When senior decision-makers are asked what they look for when evaluating document automation solutions, their answers tend to converge around three core questions:
- Can the offering solve my problem?
- How easy is it to use?
- Can we scale this solution to meet future needs?
These are subjective questions that are hard to answer. Understandably, they often get proxied by easily available quantitative data that vendors are only too happy to provide: model benchmarks, such as accuracy or F1 scores, processing times, up times, etc. While these are definitely useful metrics for understanding the immediate short-term efficacy of a solution, they provide little guidance around long-term utility and scalability.
In evaluating the long-term efficacy of a process automation solution, alternative considerations may be more useful.
Quality Awareness
Does the solution understand its own limitations?
In a situation in which the slightest mistake can result in millions, if not billions, in financial losses, model accuracy itself means nothing, if it’s short of 100%. At the same time, having every machine action double-checked by a human subject matter expert (SME) destroys any hopes of high rates of straight-through processing or meaningful gains from automation.
The ideal solution should have a strong sense of its own ability to deliver results in a variety of circumstances, and be able to judiciously escalate to human SMEs.
The cost of a mistake should be carefully balanced against the cost of human inspection, with a circumstance-based self-predicted quality score driving the decision to escalate to humans.
Deep Dive: Quality awareness is measured in errors. Simply put, Type 1 errors are mistakes that the system categorizes as correct, and therefore represent risk. Type 2 errors are correct data that the system flags as mistakes, and therefore represent a manual check. As the cost of a mistake goes up, the number of Type 1 errors must come down. In most financial services use cases, clients should get Type 1 errors as close to zero — even if it increases type 2 errors a little — to ensure that risk is minimized.
Context Awareness
Does the solution deeply understand the underlying context?
As the saying goes, an infinite number of monkeys, given an infinite amount of time in front of typewriters, will produce the complete works of Shakespeare. The artificial intelligence analogy would be to say that a high accuracy model that seems to solve the problem at hand can be produced with a large number of training examples and computational power.
However, such overengineered solutions fail to stand the test of time as real life instances start to drift away from historical examples, and retraining efforts fail to restore the solution to promised quality levels.
A well-designed product should attempt to understand things and not just strings.
Once armed with the ability to represent and persist contextual metadata, the solution’s failings over time become far more explainable, allowing for nuanced and careful retraining or reconfiguration. This allows the solution’s capabilities to be far more expandable beyond the original use case as business needs evolve with time.
Deep Dive: For example, a system that reads the words “John Smith” should know that this is not just text, but represents the name of a person, and would know if this person has been encountered by the system before. Further, it will enrich its knowledge of John Smith each time new information is acquired, and cross-check each reference to John Smith to be sure it is correct, if multiple John Smiths are recognized by the system.
Queryability
Beyond simplicity of use, can the solution intelligently guide users when things go wrong?

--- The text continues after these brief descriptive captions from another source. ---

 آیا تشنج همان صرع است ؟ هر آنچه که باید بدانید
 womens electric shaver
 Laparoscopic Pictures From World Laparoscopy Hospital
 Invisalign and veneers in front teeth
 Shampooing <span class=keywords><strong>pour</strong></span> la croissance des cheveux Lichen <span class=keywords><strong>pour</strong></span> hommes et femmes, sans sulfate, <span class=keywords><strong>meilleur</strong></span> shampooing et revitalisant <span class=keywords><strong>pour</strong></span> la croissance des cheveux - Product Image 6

Can the solution help decision-makers gain insight from data created and collected during process automation?
Having a simple and intuitive product that business users can start, with little or no training, is valuable. However, a more important criterion that is often overlooked is the solution’s response to failure. Operational errors can be expensive and high-stress affairs. It is imperative that failures be discovered quickly and that users are guided to the next course of action. Further, decision makers need to be able to easily access, analyze and glean insights from automation logs in order to be able to evolve operational processes with the ever-changing landscape of business.
Deep Dive: As an example, consider a situation in which regulatory changes require financial services firms to have insurance coverage for a new risk event. In such an event, one might seek to understand if vendor, supplier and counterparty contracts cover such risks or need modifications. This often needs a team of legal SMEs to manually review documents for days, if not weeks. Having someone crawl through thousands of contracts isn’t the answer. Absolutely necessary in today’s world is the ability to query documents with a system that leverages context and synonyms, and is able to combine qualitative, quantitative metadata and linked data from other documents.
Queryability calls for a risk management system that is able to understand and intelligently query contractual documents at scale to categorize and escalate noncompliant contracts.
What technology is able to automate in today’s day and age is astounding, only to be surpassed by what it promises to deliver tomorrow. Asking the right questions and evaluating solutions for long-term value creation can hugely help businesses gain an edge over their competitors in the coming decade.

A veteran of the financial services industry, Prashant Vijay is currently chief executive at Romulus, which specializes in building software products that automate document-heavy operations in the financial services industry. He has spent more than two decades working at the intersection of technology and data across multiple roles and geographies. His views are informed by his experience in tech and business roles at Goldman Sachs, and his sales and product and business management roles at IHS Markit.